Reputation: 10139
Here is my code and plot results, dues to some outliers, the x-axis is very long. Is there a simple method which I can filter df$foo
by only 0-90% or 0-95% percentile in R, so that I can plot only normal values? Thanks.
df <- read.csv('~/Downloads/foo.tsv', sep='\t', header=F, stringsAsFactors=FALSE)
names(df) <- c('a', 'foo', 'goo')
df$foo <- as.numeric(df$foo)
goodValue <- df$foo
summary(goodValue)
hist(goodValue,main="Distribution",xlab="foo",breaks=20)
Upvotes: 1
Views: 2372
Reputation: 2797
Suppose you wanted to examine the diamonds. (I don't have your data)
library(ggplot2)
library(dplyr)
diamonds %>% ggplot() + geom_histogram(aes(x = price))
You might decide to examine the deciles of your data, and since the tail probability is not of interest to you, you might throw away the top uppermost decile.
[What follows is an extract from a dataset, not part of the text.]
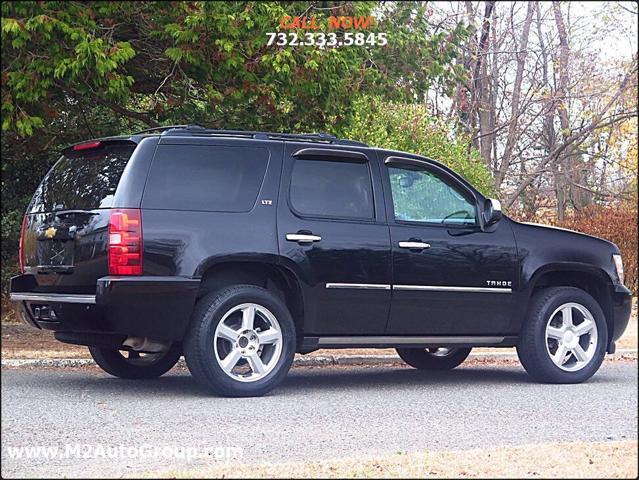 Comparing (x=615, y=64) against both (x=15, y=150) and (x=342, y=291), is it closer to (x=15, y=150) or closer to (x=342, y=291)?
(x=15, y=150)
You could do that as follows, with a free scale so that you can see what is happening within each decile.
diamonds %>% mutate(ntile = ntile(price, 10)) %>%
filter(ntile < 10) %>%
ggplot() + geom_histogram(aes(x = price)) +
facet_wrap(~ntile, scales = "free_x")
But be cautious although seeing your data in a much finer granularity has its benefits, notice how you could almost barely tell that your data is roughly exponentially distributed (with a heavy tail, as commodities price data often are).
Upvotes: 3
Reputation: 1363
Maybe this is what you're looking for?
a = c(rnorm(99), 50) #create some data
quant <- as.numeric(quantile(a, c(0, 0.9))) #get 0 and 0.9 quantile
hist(a[a > quant[1] & a < quant[2]]) #histogram only data within these bounds
Upvotes: 3